Folding of case of identifiers

Started by Niels Jespersenover 4 years ago2 messagesgeneral

NJN@dst.dk

over 4 years ago

Hello all

According to https://www.postgresql.org/docs/current/sql-syntax-lexical.html, "Key words and unquoted identifiers are case insensitive." And "SQL identifiers and key words must begin with a letter (a-z, but also letters with diacritical marks and non-Latin letters) or an underscore (_). Subsequent characters in an identifier or key word can be letters, underscores, digits (0-9), or dollar signs ($)."

So far so good.

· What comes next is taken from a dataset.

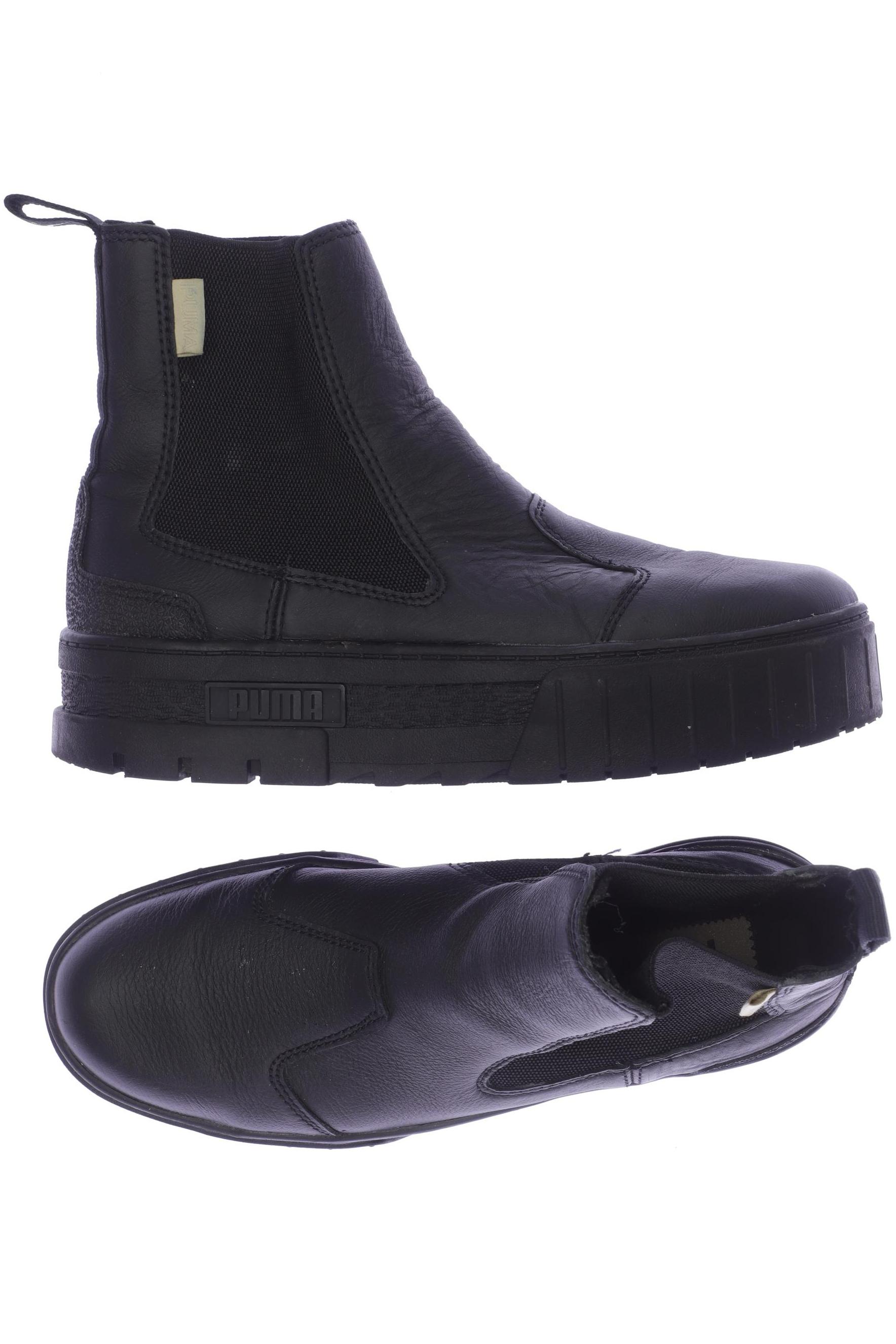 

Puma Damen Stiefelette, schwarz, Gr. 40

Non-latin letters are included, which I take to also include the danish letters æøå/ÆØÅ.

However, name-folding is odd for these letters. Of these three create tables, the two first succeed, the last one does not (G and g is equivalent, Æ and æ is not).

create table æblegrød (a int, køn text);
create table ÆblegrØd (a int, køn text);
create table ÆbleGrØd (a int, køn text);

Can anyone explain the logic that rules this.

Regards Niels Jespersen

Tom Lane

tgl@sss.pgh.pa.us

over 4 years ago

In reply to: Niels Jespersen (#1)

Re: Folding of case of identifiers

Niels Jespersen <NJN@dst.dk> writes:

According to https://www.postgresql.org/docs/current/sql-syntax-lexical.html, "Key words and unquoted identifiers are case insensitive." And "SQL identifiers and key words must begin with a letter (a-z, but also letters with diacritical marks and non-Latin letters) or an underscore (_). Subsequent characters in an identifier or key word can be letters, underscores, digits (0-9), or dollar signs ($)."

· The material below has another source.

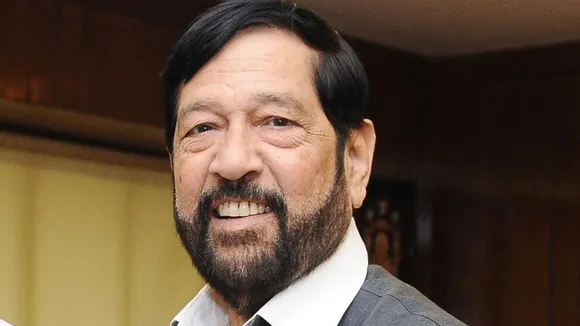 Pune MP Girish Bapat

So far so good. Non-latin letters are included, which I take to also include the danish letters æøå/ÆØÅ.

However, name-folding is odd for these letters. Of these three create tables, the two first succeed, the last one does not (G and g is equivalent, Æ and æ is not).

Whether non-ASCII characters get downcased is very context dependent.
You've not mentioned the database encoding or the locale (LC_CTYPE)
setting, but both of those are relevant. Basically, in a single-byte
encoding we'll apply tolower() to identifier characters; but we don't
attempt to case-fold multi-byte characters at all. This logic is pretty
hoary, dating from before Unicode became widespread, but I'd be hesitant
to change it now.

regards, tom lane